Malati oncologici e depressi, nel Lazio solo quattro servizi di psico-ontologia

Nel Lazio sono riconosciuti solo 4 servizi di psico-oncologia. Troppo pochi per assistere gli oltre 26mila nuovi casi di cancro che si registrano ogni anno nella Regione. Non solo. Questi servizi sono coordinati da un solo strutturato, di solito responsabile del Servizio, mentre gli altri collaboratori impegnati nelle strutture lavorano con contratti a termine, sono quindi precari o borsisti. Una situazione che ha inevitabili ripercussioni sulla continuità terapeutica.

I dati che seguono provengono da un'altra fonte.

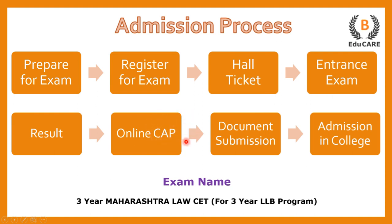In the CAP round, you are supposed to select your college preferences. On the basis of that, you have to go to the college, submit your documents, and then finally you get admission in that particular law college.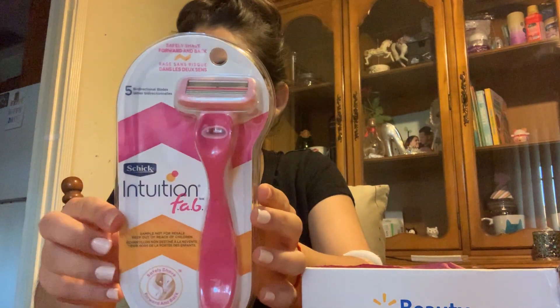The third sample — look at that! We have a razor in this box. We got a razor in the previous box too, so this is the Intuition Fab razor. It's so cute — it looks like a crescent moon. I really like the pink. I did use the Bic one from the last box and liked it. I'm a person who doesn't really shave a lot just because I wear leggings and pants a lot and don't really see the necessity of shaving if your legs are covered.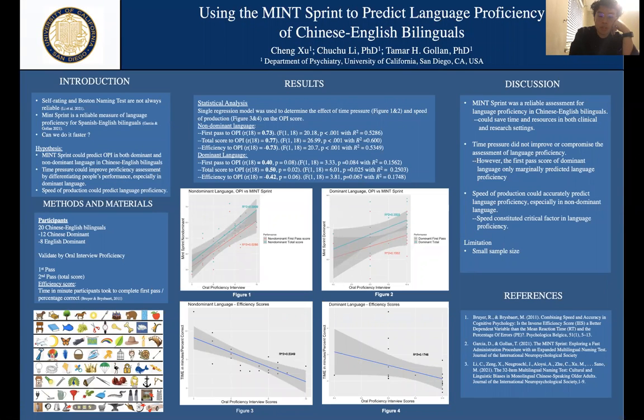Using the MINT Sprint to predict language proficiency of Chinese and English bilinguals. The MINT Sprint stands for the Multilingual Naming Test. As you can see on the bottom left, it's an 80-item test where the difficulty level increases row by row.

Per chiedere una risposta urgente alle Istituzioni, la Società italiana di Psico-Oncologia (Sipo) sezione Lazio ha organizzato oggi alla Regione Lazio la “Conferenza sullo stato dell’assistenza psicologica ai malati di cancro”, con il patrocinio della Favo (Federazione italiana delle Associazioni di volontariato in oncologia).

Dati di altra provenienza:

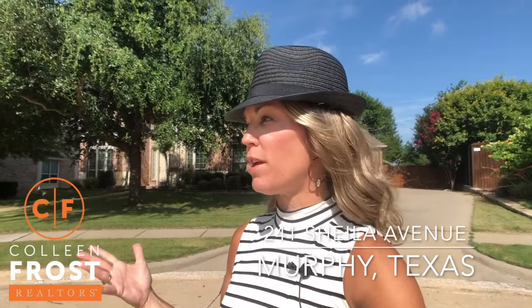Good morning, everyone. It's Colleen Frost. This is an amazing opportunity to live at 241 Sheila Avenue. We're in one of my favorite neighborhoods, Windy Hill Farms, right off of Dublin, which is just a gem of a street. If you are out in the Parker-Murphy area and just want to take a stroll down a beautiful street, drive down Dublin, and then scoot in to see 241 Sheila Avenue in Murphy, Texas.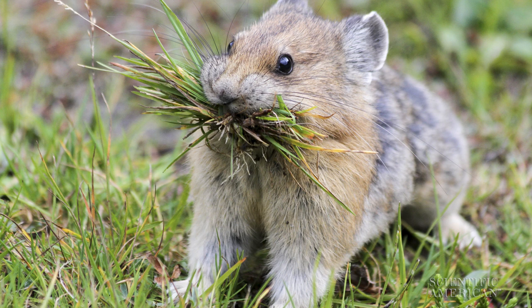But Stewart still worries about their eventual fate. We're depriving future generations of the opportunity to see this really cool critter. And pikas have been around for longer than humans have been around. What right do we have to cause pikas and all of the other species that are vulnerable to climate change to go extinct? For Scientific American 60-Second Science, I'm Christopher Intagliata.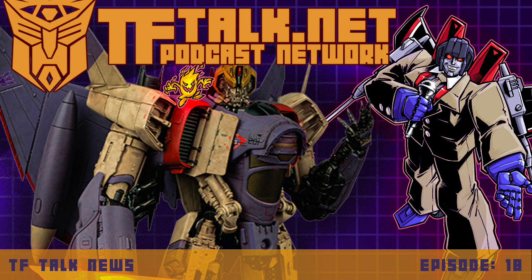You are listening to TFTalk News, part of the TFTalk network of podcasts and live streams, where we give you the most relevant current stories in your fandom and more, all within 30 quick minutes or less. I'm your host, Mr. Starscream, and I'll be your guide to everything worth talking about that transformed since last episode.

“Servirebbero almeno 8 servizi per rispondere in maniera efficace alle esigenze del territorio. E quelli attivi chiuderanno, se non confermati nei nuovi atti di indirizzo – ha affermato Patrizia Pugliese, coordinatore Sipo Lazio e responsabile della Psicologia al ‘Regina Elena’ di Roma -. Per sopperire a queste carenze abbiamo creato una rete formata da 25 psico-oncologi. Il network è fondamentale per assicurare ai pazienti un accesso equo ai servizi e adottare criteri uniformi nell’assistenza psicologica. Chiediamo alle Istituzioni regionali di riconoscere ufficialmente questa rete. Finora le nostre proposte sono state ignorate. Tutti i pazienti oncologici necessitano di una valutazione psicologica iniziale, perché in questo modo vengono riconosciuti subito i malati a rischio di morbidità psicologica. L’obiettivo è prevenire il distress psicologico. Servirebbe quindi uno psico-oncologo nelle diverse specialità (chirurgia, oncologia ecc..). Ma questo è non è possibile nella Regione, visto che il personale è insufficiente. Il cancro, più di ogni altra patologia, provoca ansia e depressione: un paziente oncologico su tre ne soffre (30-35%), al punto da richiedere una terapia dedicata. E ben il 70% patisce un disagio psichico generale. Ma investire sulla formazione degli operatori e sulla comunicazione può ridurre questi dati, fino a dimezzarli. Sono soprattutto le donne a sviluppare ansia e depressione, più i pazienti del Sud Italia rispetto al Nord, in particolare quelli che non ricevono in reparto un’assistenza psicologica. Più in generale, in Italia la maggior parte del lavoro (57%) ricade su una singola figura professionale piuttosto che su un’équipe. Ulteriori criticità – ha concluso – riguardano la scarsezza di risorse economiche dedicate all’area, la mancanza di spazi adeguati, la precarietà dello psico-oncologo. Mentre in altri Paesi infatti esiste un riconoscimento di questa figura professionale quale parte integrante dell’équipe, in Italia ciò non è mai avvenuto”.